The Gear’s touch-based input is also interesting: it responds quickly, and the interface feels at once uniquely Samsung and sufficiently generic. But because it relies so heavily on horizontal and vertical gestures — swiping down from the top opens the 1.9MP camera affixed to the strap; swiping up from the bottom opens the dialler — users must become comfortable with a yet another user experience design.
Samsung has always been good at cramming tremendously powerful hardware into small form factors, and the Gear is no exception. Navigation is smooth and apps launch quickly, but like early versions of smartphone apps they are largely stubs, windows into more capable versions of their Android counterparts.
None of these would be deal breakers if the smart watch was actually qualified to do its main job: conveying relevant information from your smartphone. Instead, at this point in the game, the above image is what you see when alerted about anything outside the immediate Samsung ecosystem. If you use the official Gmail app, Twitter, Facebook, Hangouts, WhatsApp, etc., you won’t get any indication about the content contained within.

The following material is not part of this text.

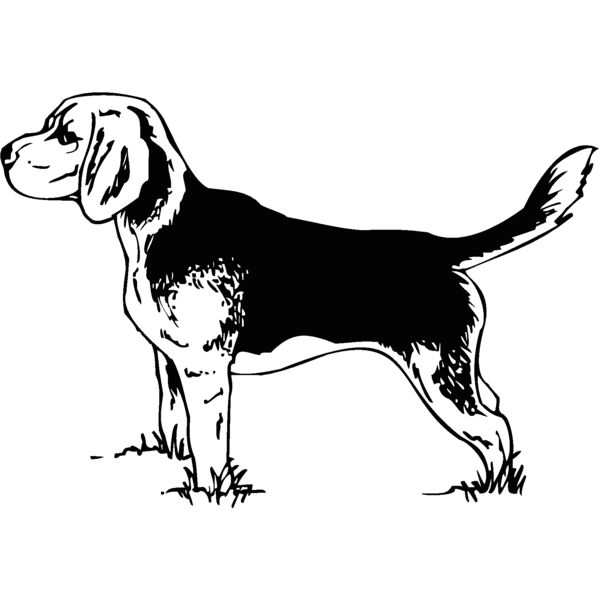 beagle Thumbnail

Of course, this is likely due to Samsung’s inability to interface directly with these apps, but it severely limits the Gear’s usefulness. You will see snippets of text messages, emails (from the Samsung Email app), and ChatOn IMs, but these are inconsequential compared to the amount of information that isn’t served by the device.
Apps and watch faces are downloaded and managed on the connected smartphone, which at this point is limited to the Galaxy Note 3, via an companion app. There are many settings, and the app requires a Samsung Account to download new content. This is Samsung’s way of hooking you into an ecosystem outside of Google’s, as it has been trying to accomplish on its smartphones for years. But without compelling content — and the apps right now, like Path, Banjo, Evernote, Vivino and others, are underwhelming — there are few reasons to spend time in that ecosystem.
And if you’re looking to use the watch every day, be prepared to charge it every night. The battery life is slated for around a full day, but I would consistently run out of juice by late evening. It is reasonably easy to charge, however, and comes with an NFC-compatible docking station that wraps around the body.
Aside from compatibility issues, which should be addressed fairly soon with updates to the Galaxy Note 2, Galaxy S3 and Galaxy S4, along with the Galaxy S4 mini and Mega in the coming months, the main issue with the Gear is the price. At $329 CDN, this is very much a product aimed at early adopters, a competent piece of hardware constrained by half-baked software and an inaccessible price.
The good news is that software can be updated, and prices lowered. Samsung is clearly committed to the category, and I wouldn’t be surprised to see swift improvements to the interface, along with a big price drop towards the end of the year. But unless you’re already a recent Galaxy smartphone owner and a supporter of emerging technologies, I’d avoid the first generation Gear. Like the Galaxy S2 exponentially improved upon the hardware and software of the original Galaxy S, Samsung is clearly willing to take a hit (and considerable criticism) to get out in front of the pack, and gain the mindshare necessary to make it a success…eventually.